Tape measures are funny things when you really take a look at them. I mean, there’s markings all of the place…black lines, black numbers, red numbers, squares and little black diamonds. I don’t remember the first time I looked at a tape measure, but I’m sure I was pretty confused as to what all that meant.
One of the most confusing things on the tape measure to me were the black diamonds. What are they for?
What Does The Black Diamond On a Tape Measure Mean?
It wasn’t until I was an adult that I finally set out to learn what those little black diamonds the the tape measure meant. And to be totally honest, I didn’t take the time to figure out what those black diamonds meant even after I’d started making a living out of using a tape measure!
The black diamonds on a tape measure really aren’t a big mystery. As a matter of fact, I wish I’d known what they meant sooner. I could have used them!
To answer this question, I’ve checked out a number of sites, and the best explanation is from Askthebuilder.com.
“These are handy markings if you want to achieve equal spacing for five framing members per every 8 feet. If you decide to use 16-inch-on center spacing, you’ll end up with six framing members for every 8 feet. If you space things at 24-inch centers, you’ll have four framing members for each 8 feet. Some carpenters like to have five framing members per every 8 feet so the sheathing over the framing is less spongy and stiffer. “
A real life example of this would be laying out 5 floor trusses in preparation for a 4×8 tongue and groove sub-floor. That’s exactly what Norbord.com uses these black arrows for.
“The diamonds start at the 19.2 inches mark on the tape and can be utilized to help correctly space the floor trusses for a 4×8 T&G sub-floor with a span rating of 20” o.c. The black diamonds provide a visual cue to help you work faster.
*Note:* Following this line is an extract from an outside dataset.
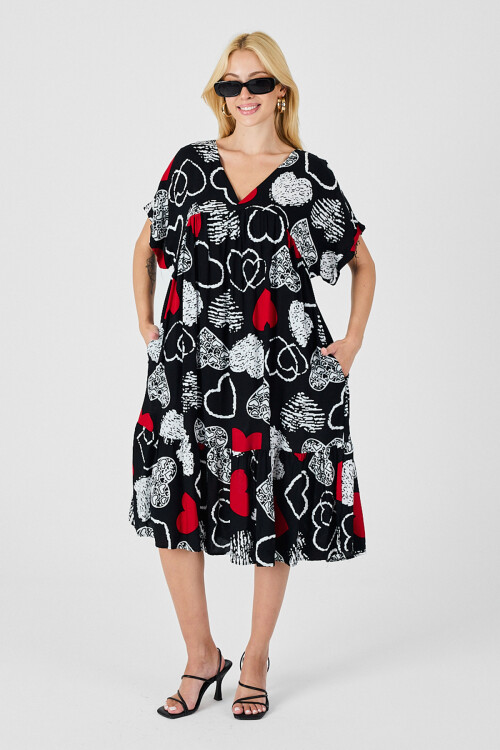 Kırmızı-Siyah V Yaka Oversize Kesim Desenli Çift Cepli Volanlı Elbise BCVL-254028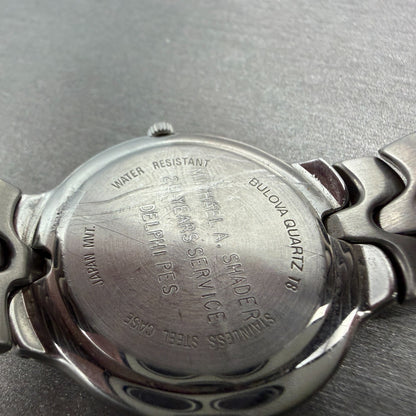 Bulova Watch Unisex 33mm White Dial Silver Tone Date Round 96B12 New Battery9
Of course there is a joist or Rimboard to start the framing but after that there are 5 open bays and 5 joists for each 4×8 sub-floor panel. So if you divide 96 inches (8 feet) by 5 (open bays), you get the required 19.2”o.c. for the 20”o.c. span rating on the sub-floor.”
So that’s the deal behind the black diamonds on tape measures. To be honest, for how hand of a tool these particular markings are, it’s surprising how many people aren’t aware of what they’re actually for. I know there’s times where I could have definitely used them to make my work faster.
How about you? Now that you know what the diamonds are for, will you be able to utilize them?